PUNISHMENTS ABOLISHED.

962. Outlawry in criminal cases is abolished. (New).

963. The punishment of solitary confinement or of the pillory shall not be awarded by any court. R. S. C. c. 181, s. 34.

964. There shall be no forfeiture of any chattels, which have moved to or caused the death of any human being, in respect of such death. R. S. C. c. 181, s. 35.
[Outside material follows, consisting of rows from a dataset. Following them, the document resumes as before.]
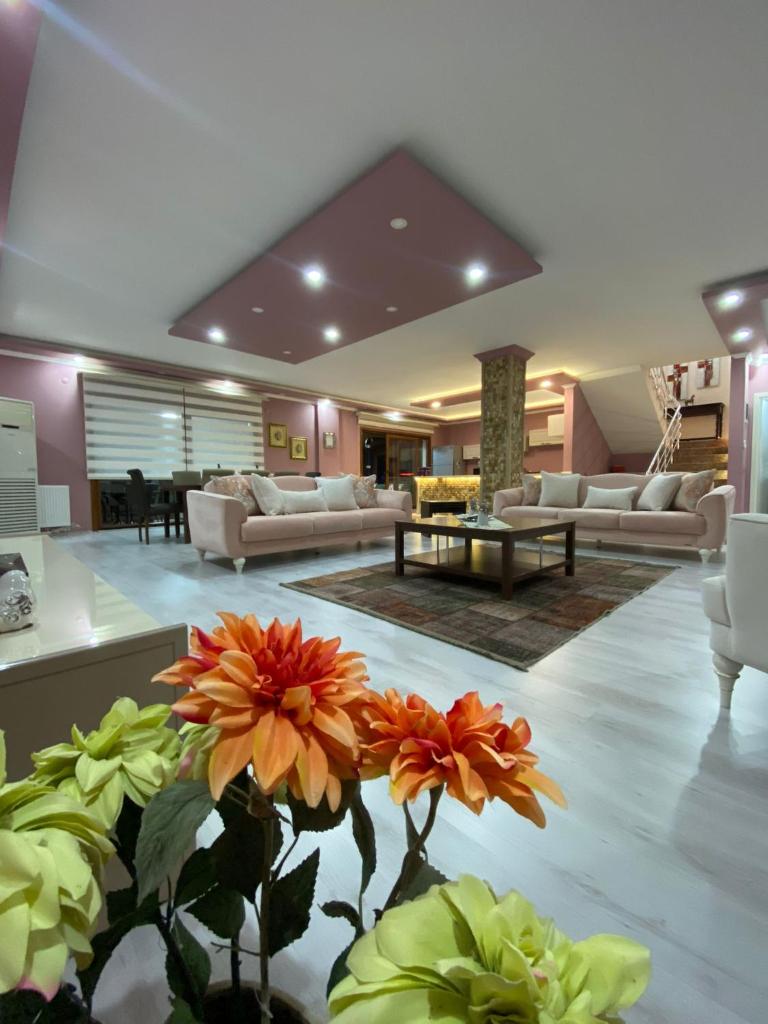 Müstakil Villa photo 1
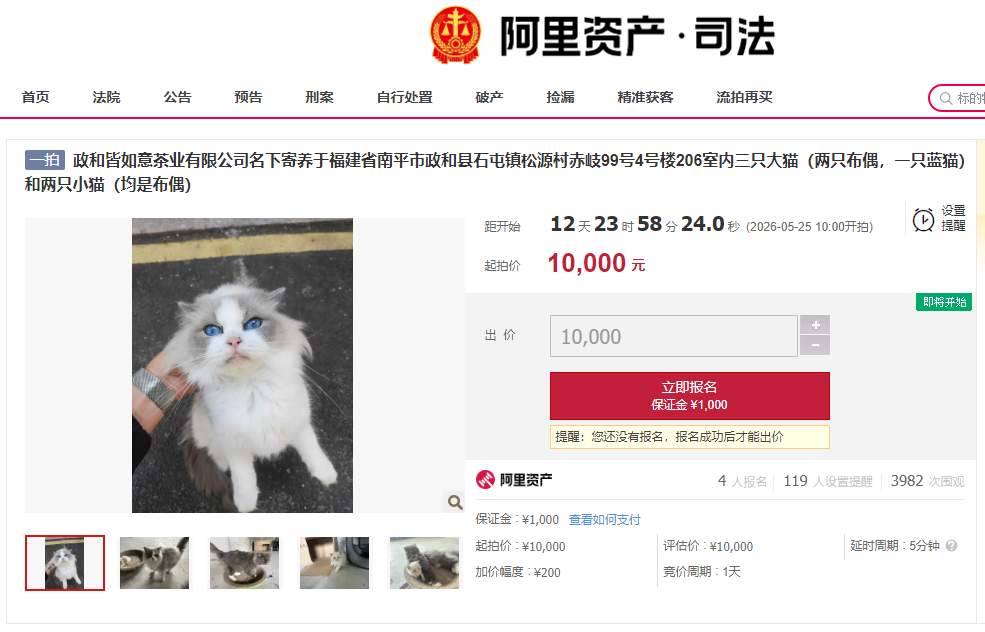 福建一公司负债倒闭，5只“猫咪员工”将被法拍还债，打包起拍价1万元，知情人：猫咪血统比较纯正，正常售卖总价达四五万元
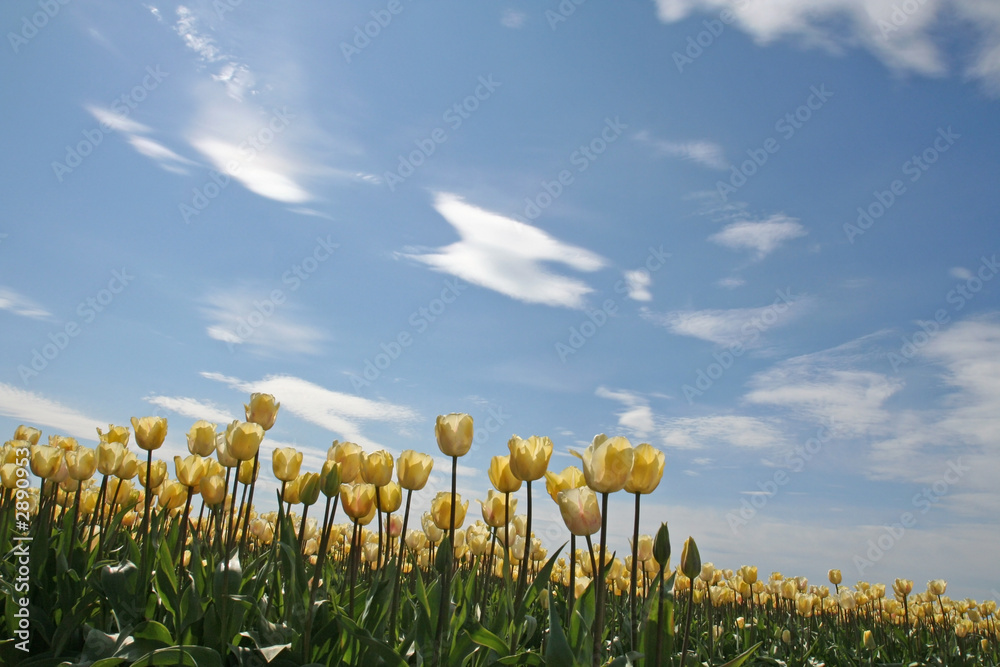 Obraz premium white tulips with dramatic clouds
By the common law, omnia quæ movent ad mortem sunt Deo danda. Hence the word "deodand," which signified a personal chattel which had been the immediate occasion. of the death of any reasonable creature, and which, in consequence, was forfeited to the Crown, to be applied to pious uses, and distributed in alms by the High Almoner. Whether the death were accidental or intended, whether the person whose chattel had caused the death participated in the act or not, was immaterial. The cart, the horse, the sword, or anything which had occasioned the death of a human being, or the value thereof, was forfeited, if the party died within a year and a day from the wound received. And for this object the coroner's jury had to inquire what instrument caused the death, and to establish the value of it. But the jury used to find a nominal value only, and confine the deodand to the very thing or part of the thing itself which caused the death, as, if a waggon, to one of the wheels only: R. v. Rolfe, Fost. 266; 1 Hawk. 74; 1 Blacks. 300. This forfeiture," which seemeth to have been originally founded rather in the superstition of an age of extreme ignorance than in the principles of sound reason and true policy," Fost. 266, was abolished in England on the 1st day of September, 1846, by the 9 & 10 V. c. 62.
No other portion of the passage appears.